[Data to examine — start]

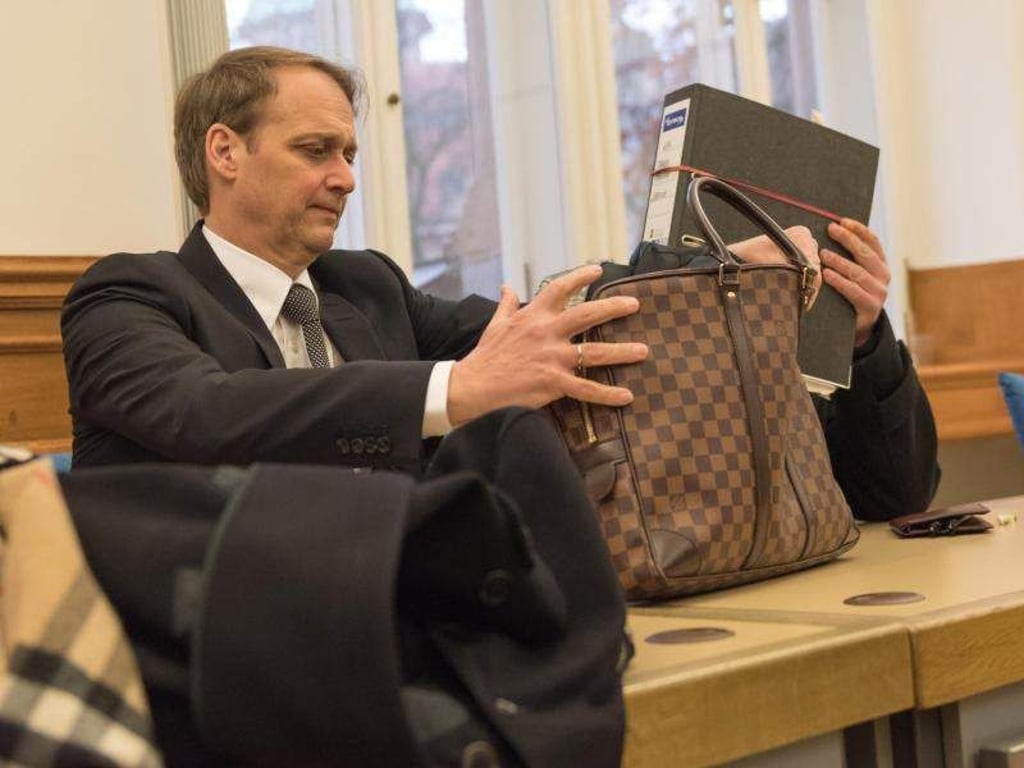 Der Angeklagte (r) und sein Anwalt im Gerichtssaal im Bamberger Landgericht. Foto: Nicolas Armer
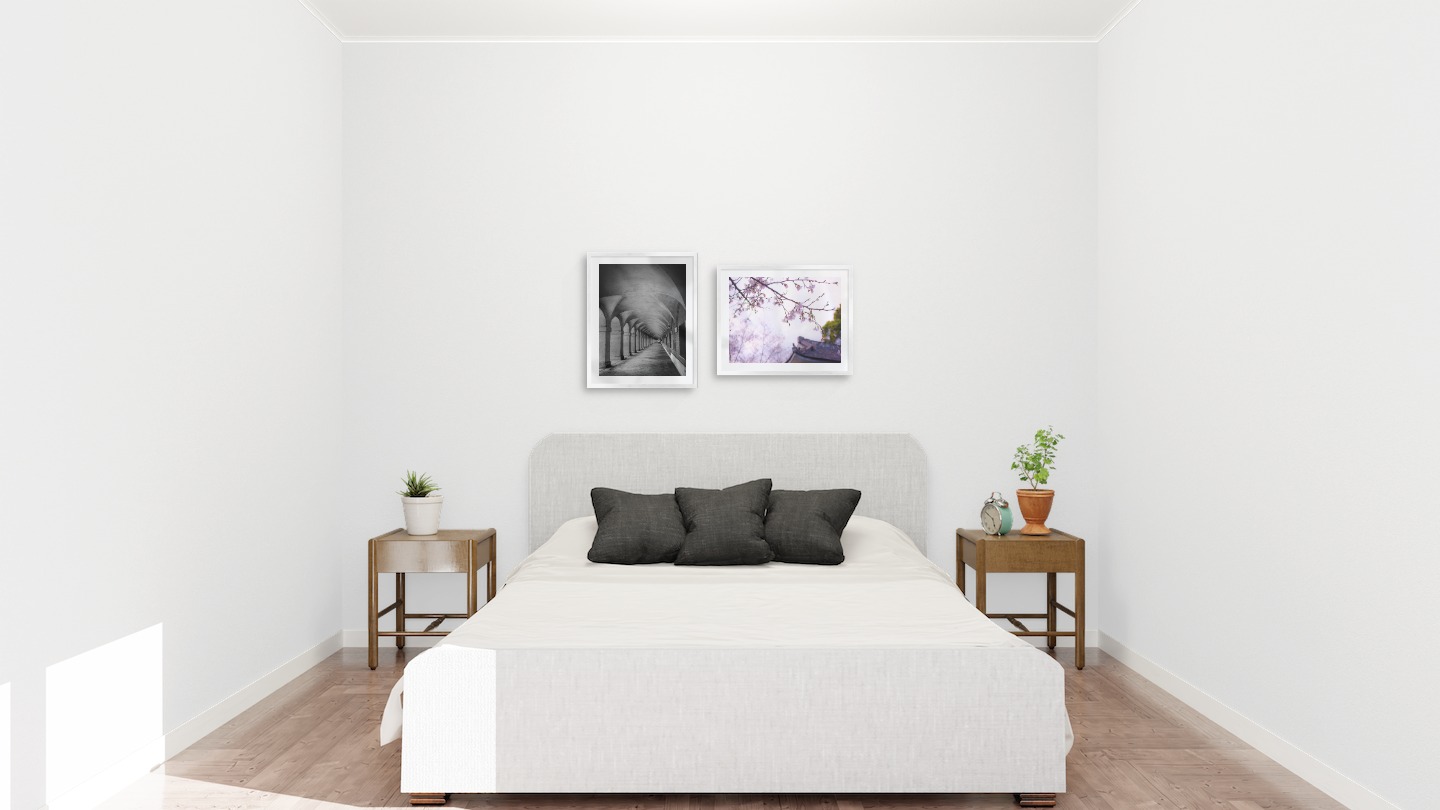 Tavelvägg med ramar i silver i storlekar 40x50 med posters med "Gång med pelare och valv" och "Blommor i Tokyo"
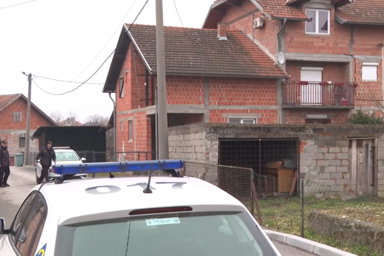 A gyermekeket ebben a brčkói házban tartották fogva (Képernyőfelvétel/N1)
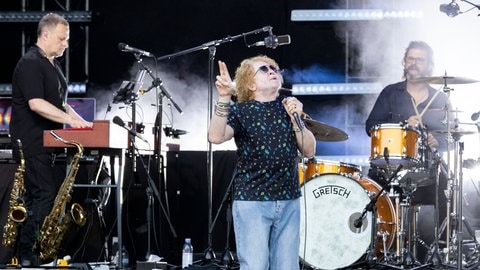 "Holding Back The Years" – Sänger Mick Hucknall und seine Band "Simply Red" bei einem Livekonzert. | Hits und Storys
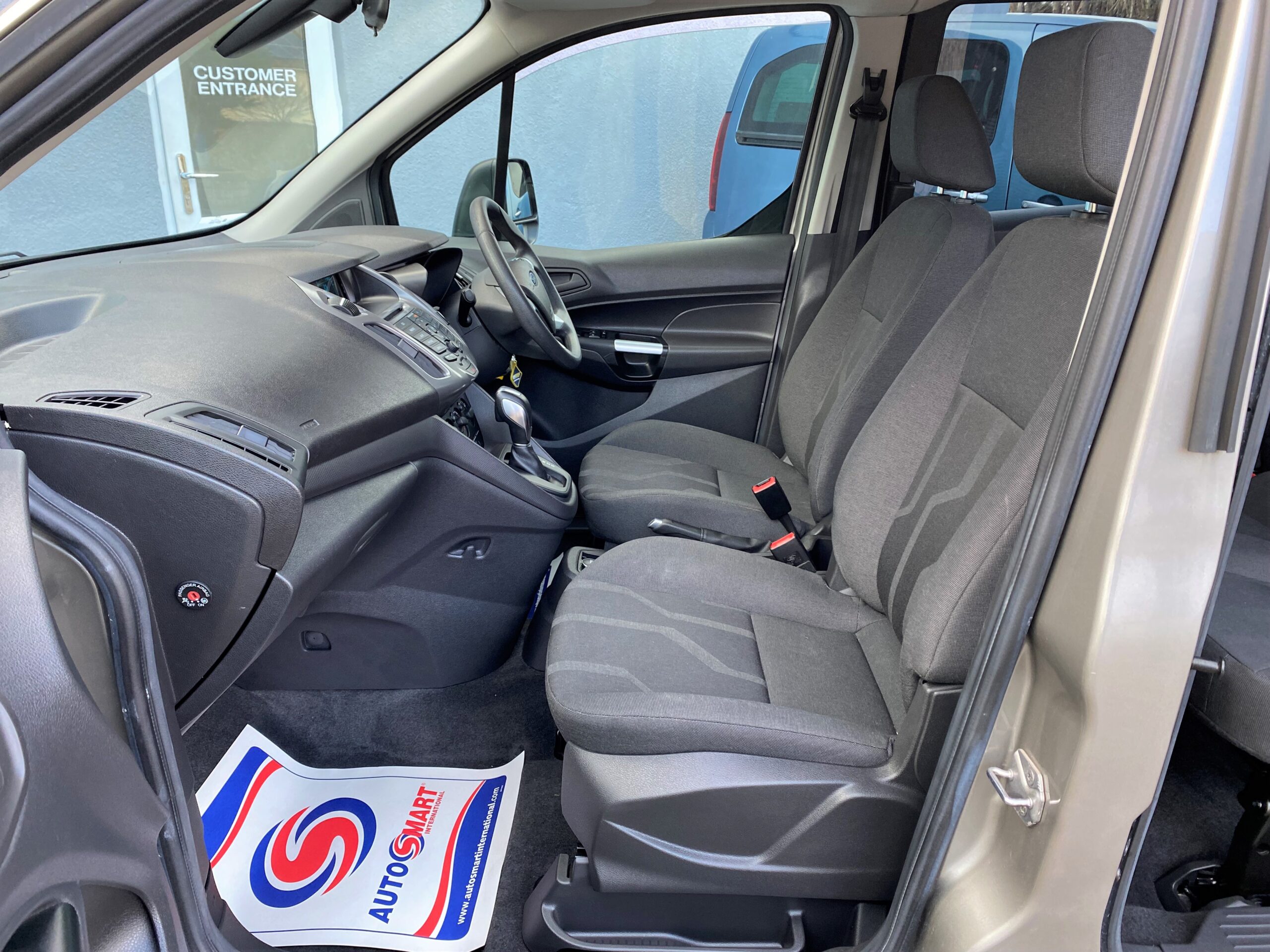 Used Ford Grand Tourneo Connect Automatic WAV Cars For Sale Bristol Wheelchair Accessible Vehicles Used For Sale Somerset Devon Dorset Bath SF68 KTG 29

[Data to examine — finish]

▸ **What to work on**
Copy exactly, and only, the lines from the first entry through the line holding "Hits und Storys", both ends included, leaving out every picture.

▸ **Completed task**
 Der Angeklagte (r) und sein Anwalt im Gerichtssaal im Bamberger Landgericht. Foto: Nicolas Armer
 Tavelvägg med ramar i silver i storlekar 40x50 med posters med "Gång med pelare och valv" och "Blommor i Tokyo"
 A gyermekeket ebben a brčkói házban tartották fogva (Képernyőfelvétel/N1)
 "Holding Back The Years" – Sänger Mick Hucknall und seine Band "Simply Red" bei einem Livekonzert. | Hits und Storys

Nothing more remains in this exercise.